Folha de S. Paulo
Premiação laureou Pedro Almodóvar em trama
sobre eutanásia e o brasileiro ‘Ainda Estou Aqui’, sobre morte na ditadura
militar
Os grandes festivais tinham uma
desconcertante dívida com Pedro
Almodóvar: laureado diversas vezes com troféus secundários, o
espanhol ainda não tinha recebido um prêmio principal em Berlim, Cannes ou
Veneza, os mais importantes festivais do mundo. Pois os italianos se
encarregaram de corrigir isso na premiação deste ano: "The Room Next
Door", seu primeiro longa em inglês, ganhou um relativamente justo Leão de
Ouro.
Não é o melhor filme do cineasta, mas é um
Almodóvar de muito alto nível. Traz Julianne Moore no papel de uma escritora
que ajuda uma velha amiga com câncer, vivida por Tilda Swinton, em seus dias
finais.

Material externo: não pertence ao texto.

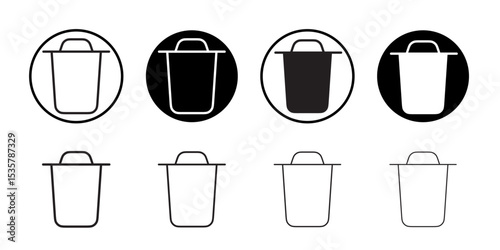 Trash icon Thin line illustration set vector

Ela lhe ajuda inclusive em sua eutanásia, em um filme muito bem
conduzido e que não tem o peso que a trama talvez faça parecer.
Há melancolia, mas há humor e uma grande fúria com um certo estado de coisas no mundo, que dá a esse filme uma vitalidade inesperada —uma energia de combate. É uma obra altamente política, que faz uma cáustica análise do mundo atual, com canhões voltados sobretudo a ideias reacionárias.
De certo modo, o tema também surgiu no
brasileiro "Ainda
Estou Aqui", de Walter Salles, que ganhou o prêmio de melhor
roteiro, reconhecimento ao trabalho de Murilo Hauser e Heitor Lorega —o
primeiro troféu veneziano em décadas a ir para um longa nacional.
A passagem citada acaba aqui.